Ugh. I know this true. My head tells me so. My heart, not so much. It's so difficult watching my family fall apart. My boys are everything to me. Twenty years of marriage, raising my kids, working to help provide financially, managing things while my husband built his career. I thought I was doing all the right things. This is the time when all the hard work over the years should be paying off. Now it's all falling apart. I know that I have to let my son make his own decisions but I hate that he is so easily swayed by his father. The apartment size does bother me. One bedroom to accommodate three people, two of them being teenagers. They need their space. I feel like there should be a law prohibiting that...but maybe I'm wrong. My husband gets upset with me when my youngest doesn't want to go there. It's simply the lack of space that my son hates. He likes spending time with his dad but he hates the cramped living quarters. My husband makes a very nice salary so money is not the issue. When my husband left, he thought of himself only. He never once thought of overnight visits with the kids. He was thinking only about his new single life. Our kids were an afterthought. He jumped right into a one year lease in a new swanky apartment complex up the street. Now my husband wants to come home (because his "single" life isn't turning out to be as much fun as he thought it would be). I am having such a difficult time with all of this. My brain hurts from thinking about all of this...all the time. There is no fix to any of it. I'm used to being able to fix things, finding solutions. No fix here other than to wait.

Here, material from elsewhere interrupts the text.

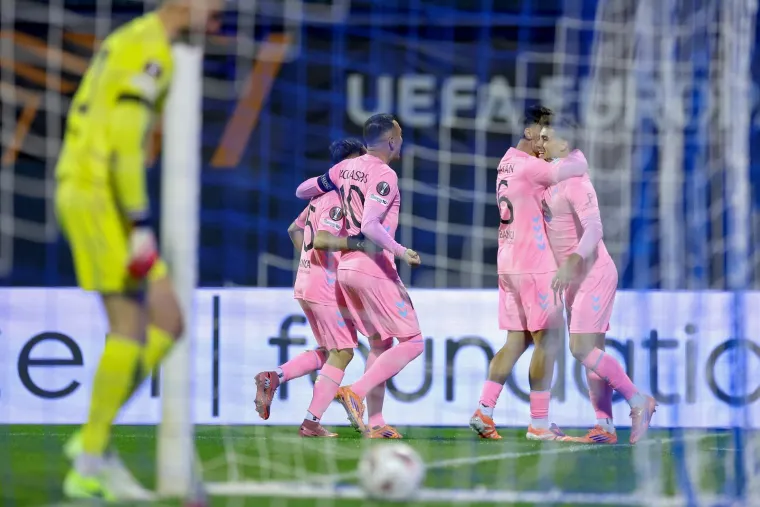 Očajni Dinamo pretrpio težak poraz u borbi za europsko proljeće: Celta Plavima utrpala tri komada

Michelle - posted on 07/02/2016




I agree with the other ladies, you haven't done anything wrong, you have been a parent to him when his Father wasn't.
He's an adult now and can decide where he wants to live. Give him his space and let him decide if rules are better than no rules.
You also can't control what happens at the other parent's house. You can't tell him to get a bigger place. I know it's hard to step back after so long together but you have to.

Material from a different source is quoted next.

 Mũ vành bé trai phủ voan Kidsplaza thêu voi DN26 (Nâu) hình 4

Lisa - posted on 07/02/2016




Thanks for responding to my oh so long post. I will give my son his space but it does hurt. I've been there for him all these years and now he is turning to the one person who never made time for him. There is a part of me that wishes to turn things back to the way they were. Me suffering is one thing. My kids suffering is whole different thing. Thank you again and I will continue to keep strong my bond with my younger son.